The published data is a Reuters Domain Model RDM Market price message, which is an OMM Field List where the field entries are name-value data pairs. We will use a custom service to publish the sample derived data from the database and distinguish it from market data provided by Thomson Reuters. The Provider class in our application handles all the publishing tasks. It maintains a handle to all the published items, and publishes an Image or an Update message.

    	
            

FieldList fieldList = EmaFactory.createFieldList();

 

data.forEach((key ,value) -> {

  int fid = key.intValue();

  int dValue = value.intValue();

  // add read data into OMM fieldlist

  fieldList.add( EmaFactory.createFieldEntry().real(fid, dValue, OmmReal.MagnitudeType.EXPONENT_NEG_2));

});

Here the data from file which has been parsed into a Key/Value Map by Scanner class is marshaled into an OMM FieldList which is then packaged as a Refresh or Update message and published by OMMProvider.

Sample code

The sample code for this article is available in src directory. This sample uses Java, EMA and MySQL database.

Testing

To check the end-to-end process flow, start the sample by providing a TREP Service name, ADS host name etc on the command line. You must be entitled to publish on this service and can refer to [EMA Quick Start and Tutorials - NI Provider] (https://developers.refinitiv.com/elektron/elektron-sdk-java/learning?content=12016&type=learning_material_item) on how to set this up. Upon successful startup, the console window should display API messages showing successful login to ADS, and that the application is monitoring the target directory for database files. Whenever any new data is inserted into the target table, our trigger autopublish1 will be invoked which will write it to a file, and that data will be picked up by Scanner and published out to TREP.

    	
            

Started monitoring: C:\Temp

Processing file: newData3.csv

Publishing: INSTR3, data: {22=1476, 25=1492}

Outgoing Reactor message (Tue Jan 17 10:41:48 EST 2017):

<!-- rwfMajorVer="14" rwfMinorVer="1" -->

<REFRESH domainType="MARKET_PRICE" streamId="-1" containerType="FIELD_LIST" flags="0x48 (HAS_MSG_KEY|REFRESH_COMPLETE)"

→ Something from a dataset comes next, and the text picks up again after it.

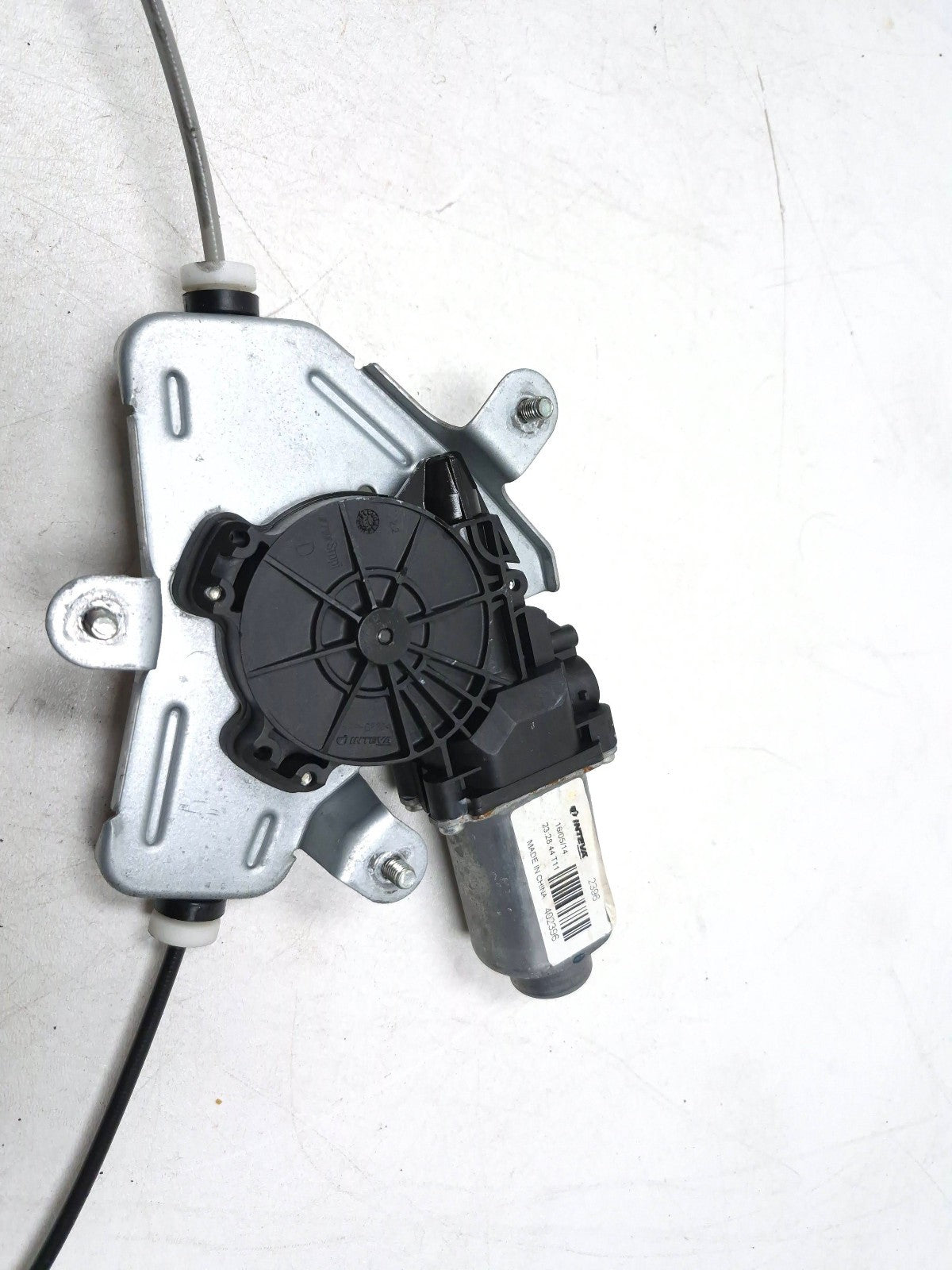 2014 Hyundai Accent Front Right Window Regulator & Motor OEM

groupId="0" State: Open/Ok/None - text: "UnSolicited Refresh Completed" dataSize="15">

    <key flags="0x03 (HAS_SERVICE_ID|HAS_NAME)" serviceId="0" name="INSTR3"/>

    <dataBody>

        <fieldList flags="0x08 (HAS_STANDARD_DATA)">

            <fieldEntry fieldId="22" data="0C05 96"/>

            <fieldEntry fieldId="25" data="0C06 BA"/>

        </fieldList>

    </dataBody>

</REFRESH>

 

Processing file: newData3.csv

Publishing: INSTR3, data: {22=1442, 25=1745}

Outgoing Reactor message (Tue Jan 17 10:43:23 EST 2017):

<!-- rwfMajorVer="14" rwfMinorVer="1" -->

<UPDATE domainType="MARKET_PRICE" streamId="-1" containerType="FIELD_LIST" flags="0x08 (HAS_MSG_KEY)" updateType="0" dataSize="15">

    <key flags="0x03 (HAS_SERVICE_ID|HAS_NAME)" serviceId="0" name="INSTR3"/>

    <dataBody>

        <fieldList flags="0x08 (HAS_STANDARD_DATA)">

            <fieldEntry fieldId="22" data="0C05 96"/>

            <fieldEntry fieldId="25" data="0C06 BA"/>

        </fieldList>

    </dataBody>

</UPDATE>

Any market data subscriber is able to receive the resulting image and update messages from TREP.

    	
            

Jan 17, 2017 10:43:15 AM com.thomsonreuters.ema.access.ChannelCallbackClient reactorChannelEventCallback

INFO: loggerMsg

    ClientName: ChannelCallbackClient

    Severity: Info

    Text:    Received ChannelUp event on channel Channel

        Instance Name EmaConsumer_1

        Component Version ads2.6.1.L1.linux.rrg 32-bit

loggerMsgEnd

 

Item Name: INSTR3

Service Name: TD

Item State: Open / Ok / None / 'UnSolicited Refresh Completed'

BID(22): 14.76

ASK(25): 14.92

 

Item Name: INSTR3

Service Name: TD

BID(22): 14.42

ASK(25): 17.45

References

Glossary

TREP: Thomson Reuters Enterprise Platform

ADS: Advanced Distributing Server

EMA: Elektron Message API

JDBC: Java Database Connectivity

ODBC: Open Database Connectivity

OMM: Open Message Model